As 2017 has reached its end, everyone is busy preparing (or has already prepared) their New Year resolutions for this year. Two of the most common resolutions seen year after year are fitness and financial stability. As far as fitness is concerned, we can only advise you to eat healthy and work out. But, with regards to financial stability, we might be able to help you better!
If financial stability is in your list of resolutions, it means that you’re desperately reviewing your budget and searching for new ways to save more and spend less in the New Year. Are you? Don’t stress yourself now. We’ve identified a few simple steps that will keep your money resolutions on track.
Where do you stand?
Before you step into the New Year, you need to first figure out where you stand financially.

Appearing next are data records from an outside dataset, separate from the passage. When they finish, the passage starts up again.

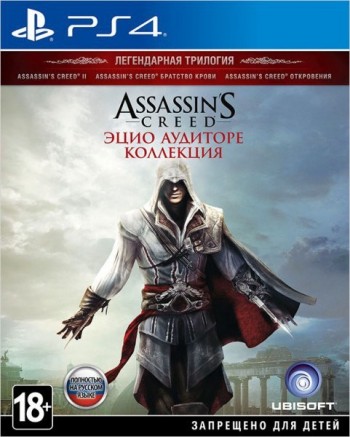  Assassin's Creed The Ezio Collection /    [ ] PS4 CUSA04893 -    , , .   GameStore.ru  |  | 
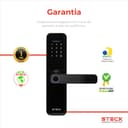 Fechadura Inteligente Wi-Fi Com Maçaneta E Biometria Steck Ambiente Conectado 9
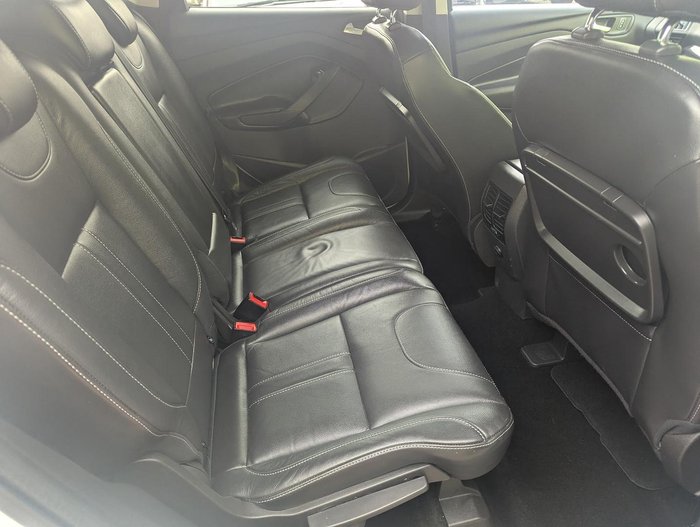 2016 Ford Kuga Titanium TF MkII MY16.5 AWD Frozen White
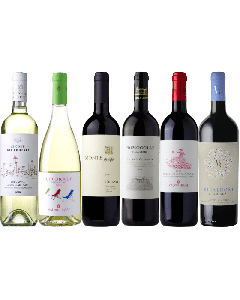 Famiglia Cecchi Tuscan Wines Mixed Case, 6 bottles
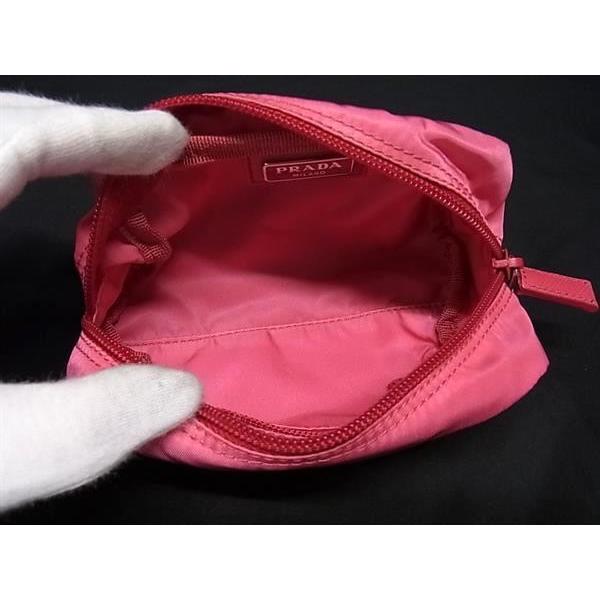 PRADA（プラダ） ポーチ トライアングルロゴ 1N0175 テスートナイロン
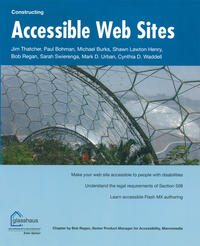 Vorderes Coverbild Constructing Accessible Web Sites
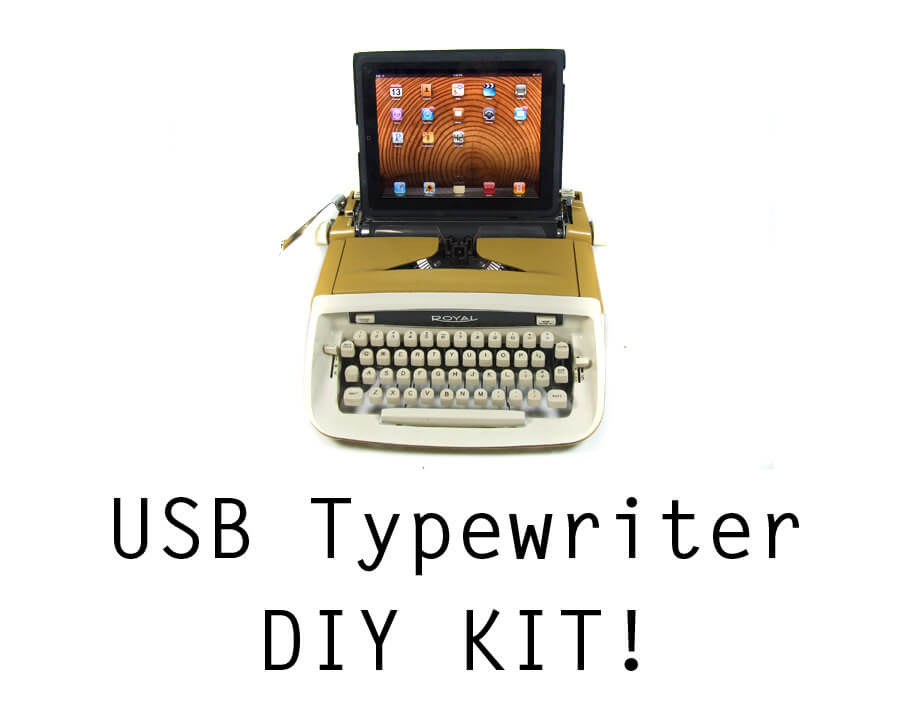 Док-станция USB Typewriter Computer Keyboard - 3 Док-станция USB Typewriter Computer Keyboard - 3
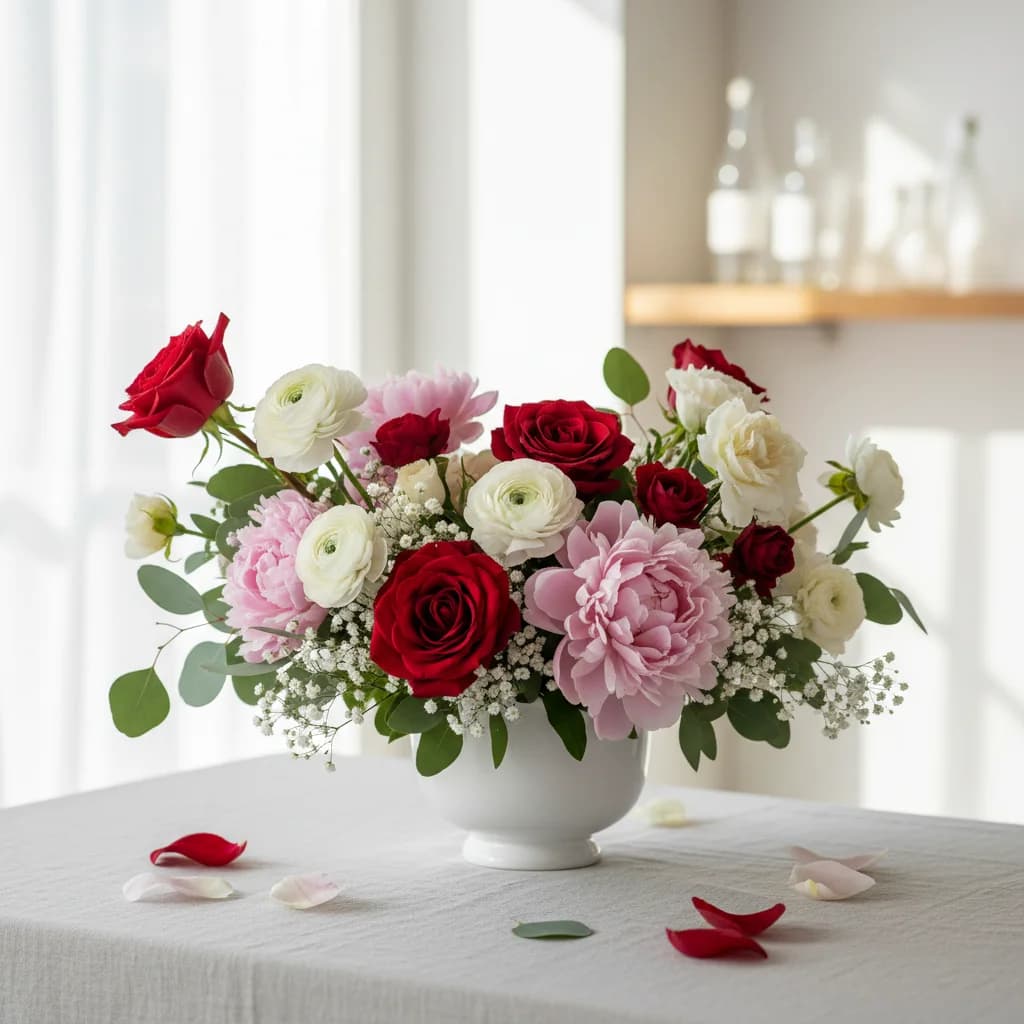 발렌타인데이 D-2, 썸부터 부부까지! 관계별 감동 주는 꽃 선물 성공 공식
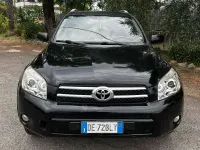 Usata Toyota RAV4 Luxury 177 CV (130 kW) 2009 Nero SUV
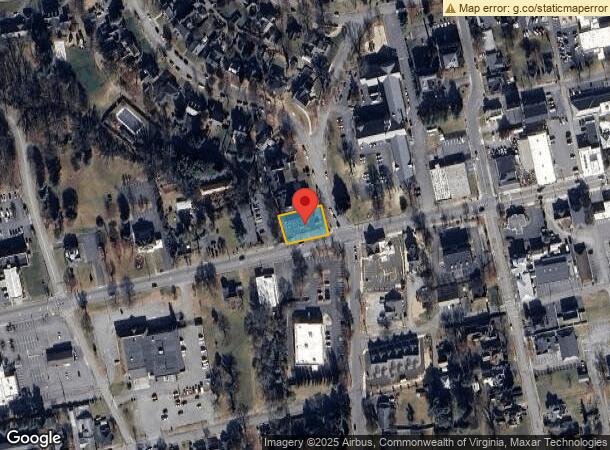  201 W Main St, Salem, VA Parcel Map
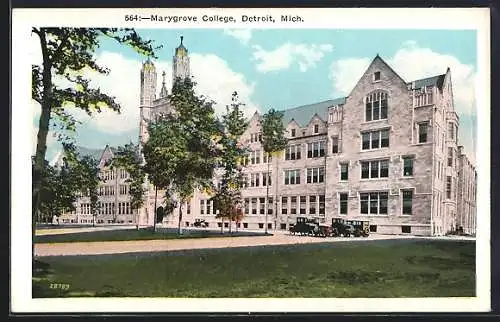 AK Detroit, MI, Marygrove College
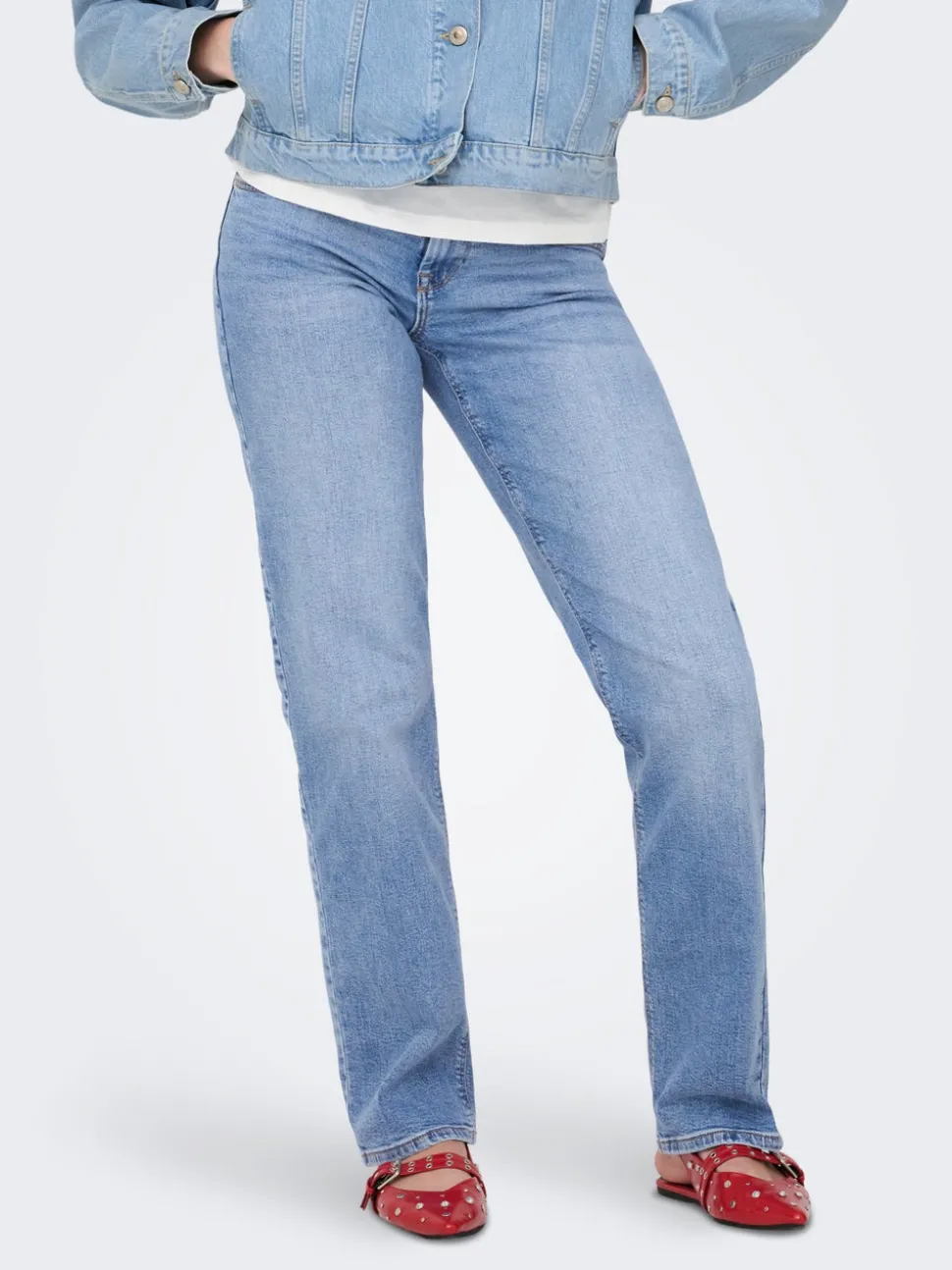 ONLLOPEZ Låg midja Carrot Fit Jeans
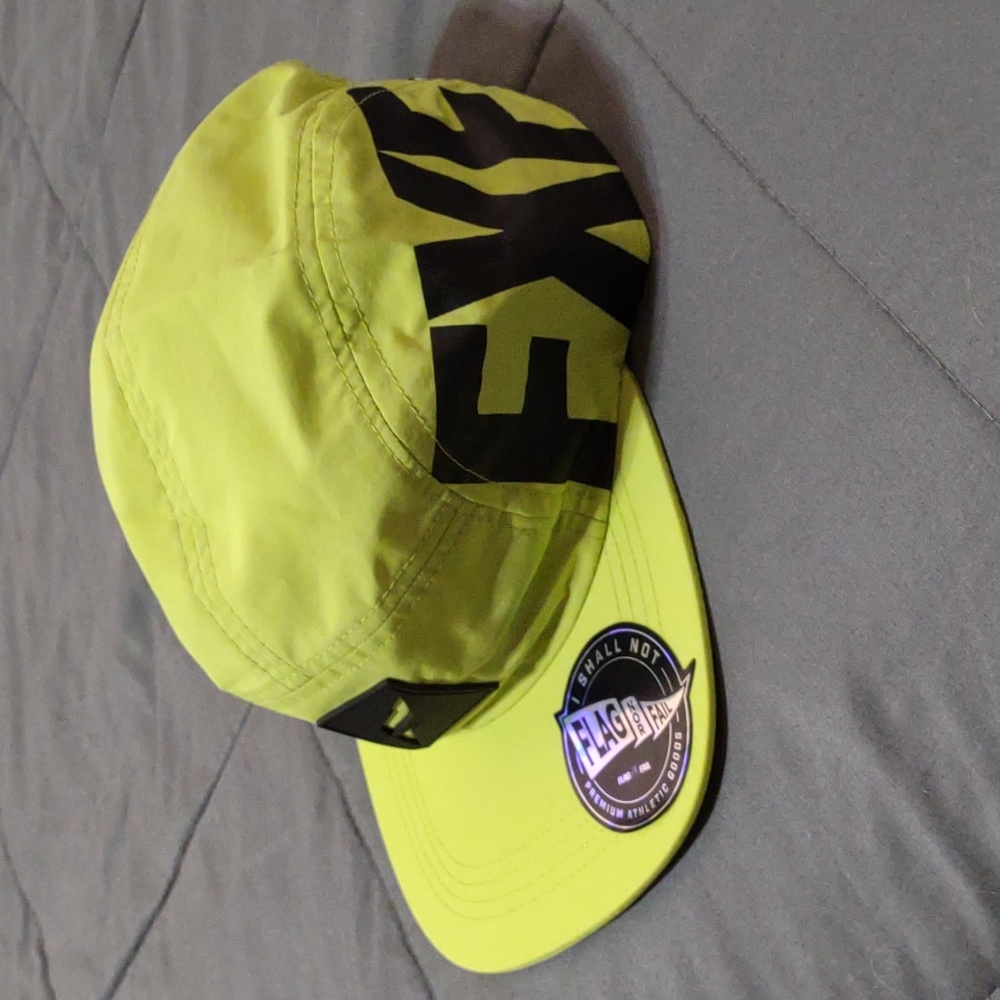 Flag nor fail flat bill hat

Review the past year’s finances. Did you have a budget in place? Were you able to stick to it? Or did you end up spending more and saving less than what you had planned for? Doing a thorough review of your finances will help to identify the cracks in your current budget.
Look at your fixed expenditure and variable expenditure. Monthly fixed expenditures are the expenses that you can’t avoid such as insurance premiums, transport/fuel, HDB loan repayments, mobile bills, etc. Variable expenses are the expenses that you can control such as shopping, groceries, entertainment, etc.
Get a clear picture of your fixed expenses and variable expenses and create your budget accordingly.
Setting the goals
Any goals (financial or not) that you set for the New Year should be realistic and specific with measurable results. For example, a number of people make a resolution to shed 10kg in two weeks. They crash diet, hit the gym and do everything possible, but are still unable to achieve their goal. They then just give up and go back to their old lifestyle. Any idea why their attempt failed? Yes, because their goal wasn’t realistic or manageable.
This applies to your budgeting goals as well. You shouldn’t be too harsh on yourself when you set your budget. Set different goals for each month, instead of setting a goal for the entire year.
For example, you can aim to save S$50 in the first month and then gradually increase to S$55 the next month. Or you can choose to cut down on any of your expenses in a month.
These small, manageable and measurable goals are better than the broad ones. If you set goals like saving S$5,000 in a year or avoiding eating out for the whole year, these goals will lose steam pretty quickly. You’ll probably even end up messing with your finances again. On the other hand, monthly goals will give you a new challenge every time and you’ll be motivated to achieve them.
Cut expenses cleverly
Creating a budget to increase your savings doesn’t mean compromising on things that you love. Instead, you can still enjoy everything you love, but you just need to limit it.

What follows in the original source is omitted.